TTKK

Weno, Chuuk; Federated States of Micronesia;
- Channels: Analog: 7 (VHF);

History
- First air date: 1980
- Former call signs: WTKK-TV

Technical information
- ERP: 0.1 kW

= TTKK =

Television station in Micronesia

TTKK (channel 7) is a television station in Weno (formerly Moen), Chuuk State. The station is one of the two commercial operations in the Federated States of Micronesia.

It started operations in 1980 as "WTKK-TV" (no relation to the station in Washington, D.C., that held the same call sign at the time), becoming the third television station in the Federated States of Micronesia; however, the station entered bankruptcy about a year and a half after signing on. Moreover, the station faced technical difficulties on a regular basis. Programming was provided by the Pacific Taping Company, which also taped content for WAAB-TV in Yap to air. Upon the shutdown of the initial service, VCRs surpassed conventional television in Chuuk.

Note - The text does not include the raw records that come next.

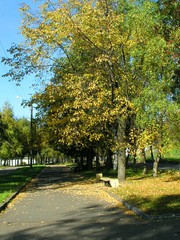 Naklejka premium autumn in the city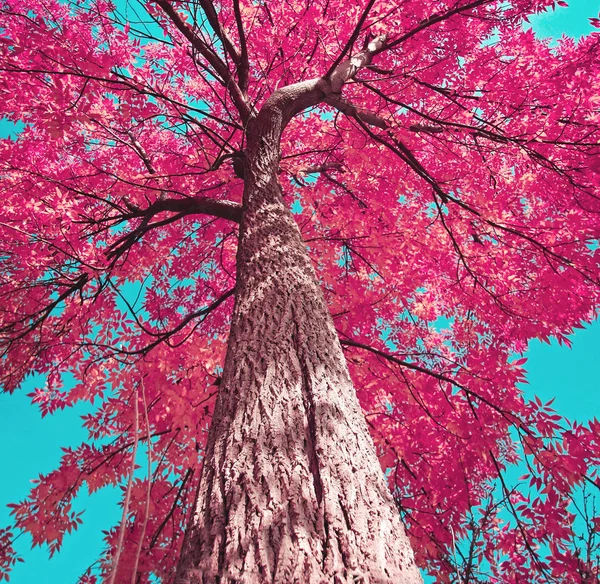wide angle shot of a large pink tree full of leaves in a local public park toned with a retro vintage instagram filter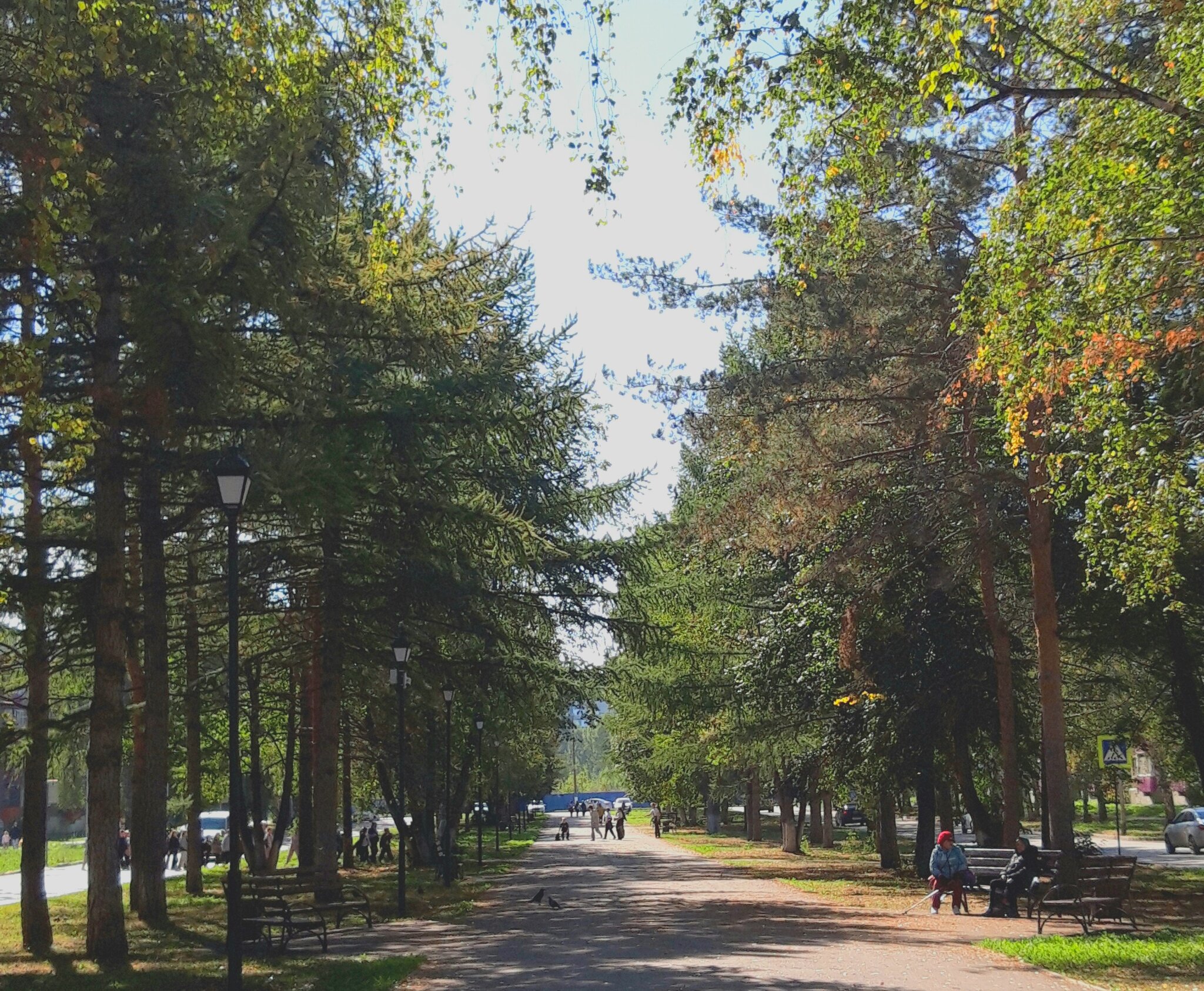 осень :: Венера Чуйкова осень :: Венера Чуйкова
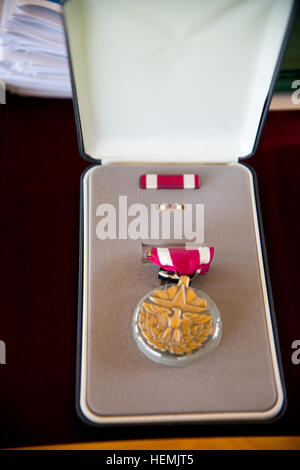 Nahaufnahme der Meritorious Service Medal verliehen an Command Sergeant Major Phillip L. Dixon bevor Supreme Headquarters Allied Powers in Europa (SHAPE) Bataillon Befehl Zeremonie zwischen Oberstleutnant Paul D. Sherman, Command Sergeant Major Phillip L. Dixon (ausgehende Befehl Team) und Oberstleutnant Sean G. Barrett, Command Sergeant Major Tiffany C. Basley (eingehende Befehl Team) ändern im Berichtsjahr von Oberst Robert S. Larsen , Vereinigte Staaten Armee NATO Brigade im SHAPE, Belgien, 23. Mai 2013. (US Armee-Foto von Pierre-Etienne Courtejoie-freigegeben) Änderung der Befehl Zeremonie, Form Bataillon 130523-A-BD Stockfoto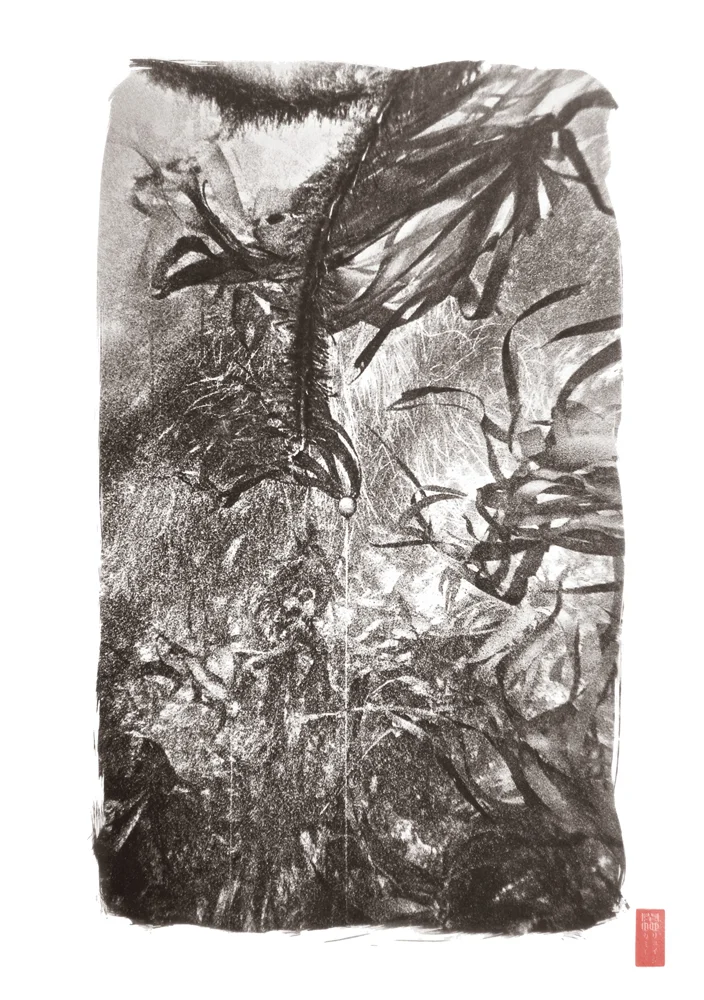 array of busy kelp forms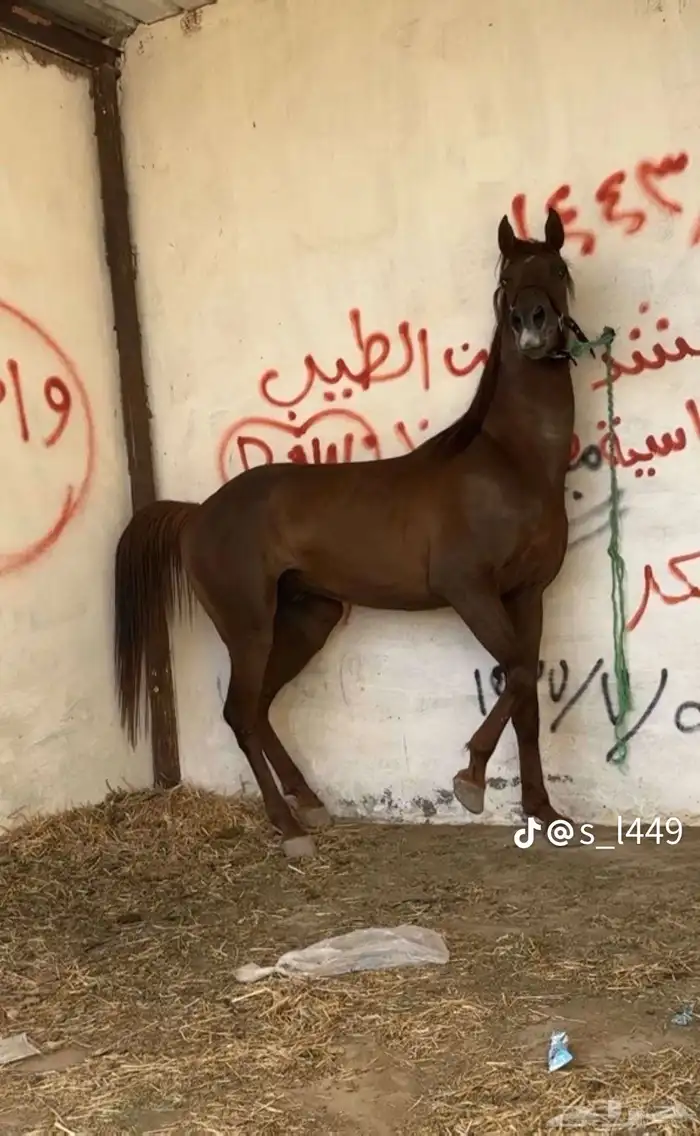حصان شعبي سبوق وطرب العمر6سنوات 1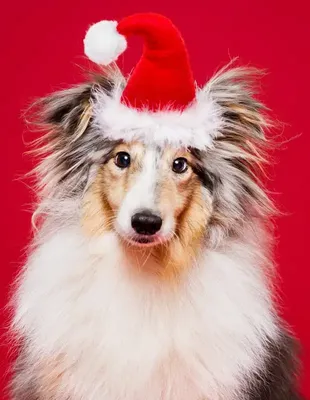 Новогодние фотографии и открытки с собаками. Фото 33453 | Тематическая  галерея на Sobaki.pro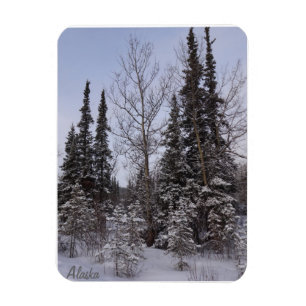 Winter Scene Magnet Magneet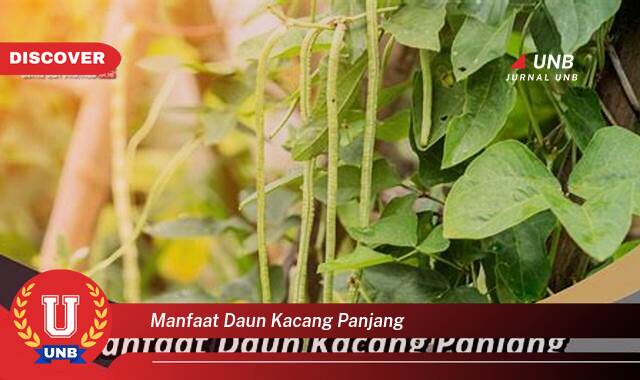 Temukan 10 Manfaat Daun Kacang Panjang untuk Kesehatan Tubuh Anda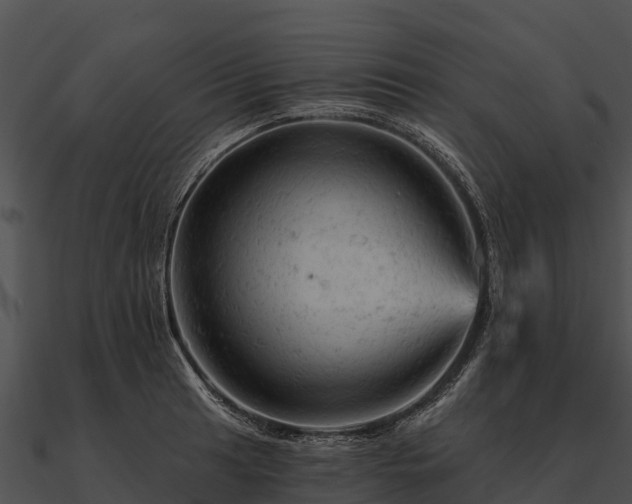 X0000090891041200708031048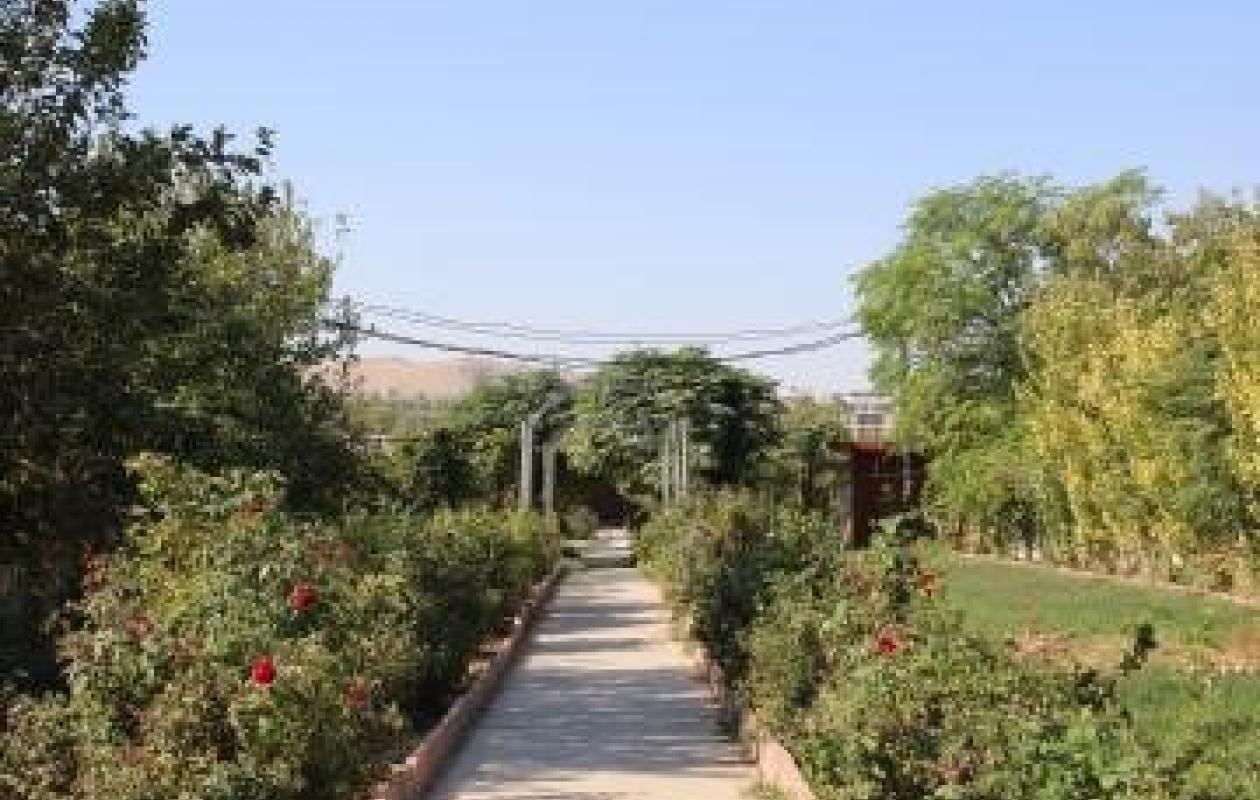 HT Across the Continents Approaches to improving the human condition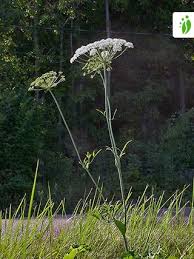 Attēlu rezultāti vaicājumam “Laserpitium latifolium leaf”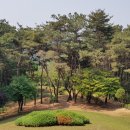 조안묘소 이미지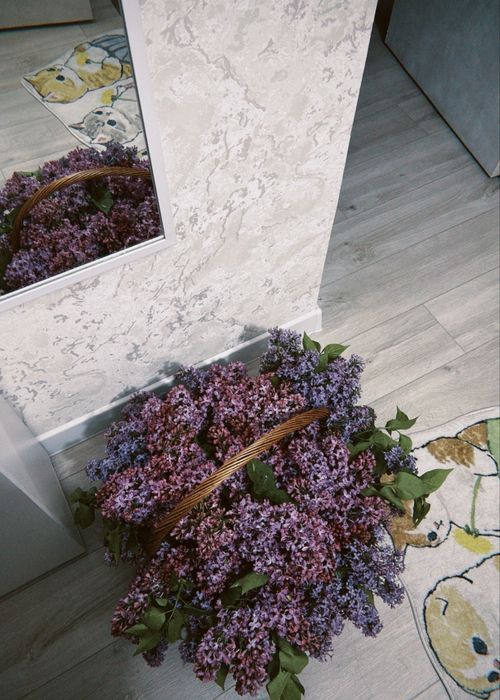 Сирень двух сортов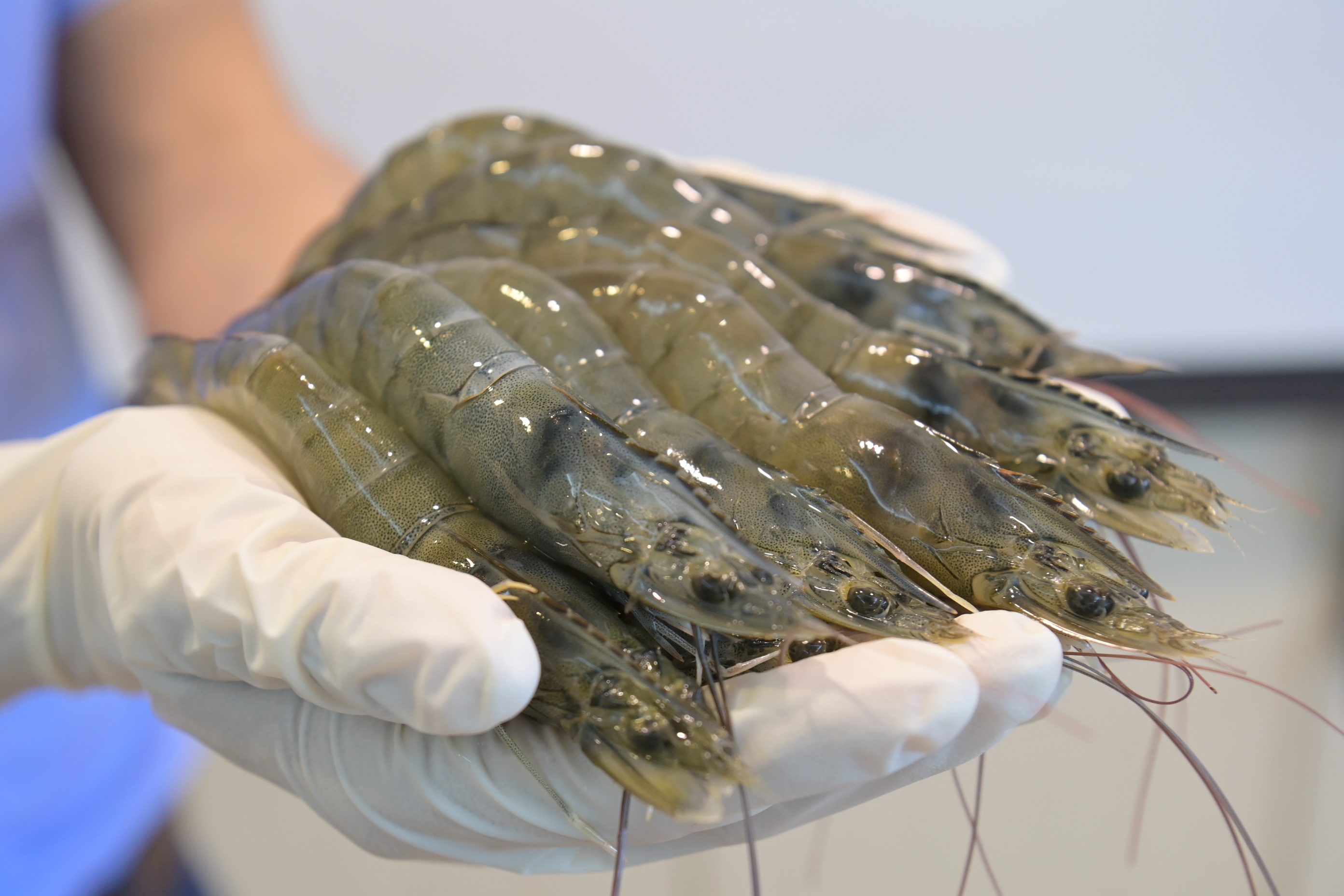 นักวิชาการ CPF ชู “โปรไบโอติก” นวัตกรรมการเลี้ยงกุ้งปลอดภัย ปลอดโรค ปลอดสาร นักวิชาการ CPF ชู “โปรไบโอติก” นวัตกรรมการเลี้ยงกุ้งปลอดภัย ปลอดโรค ปลอดสาร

There was another service operating for an eighteen-month period from late 1975 to early 1977 that closed due to a reported lack of income.

It is unknown exactly when the station resumed its operations; as early as 1990, the station was already listed in guide books under the current TTKK call sign. Other sources say that Chuuk lacked television by 1993, but instead resorted to videotaped American programming.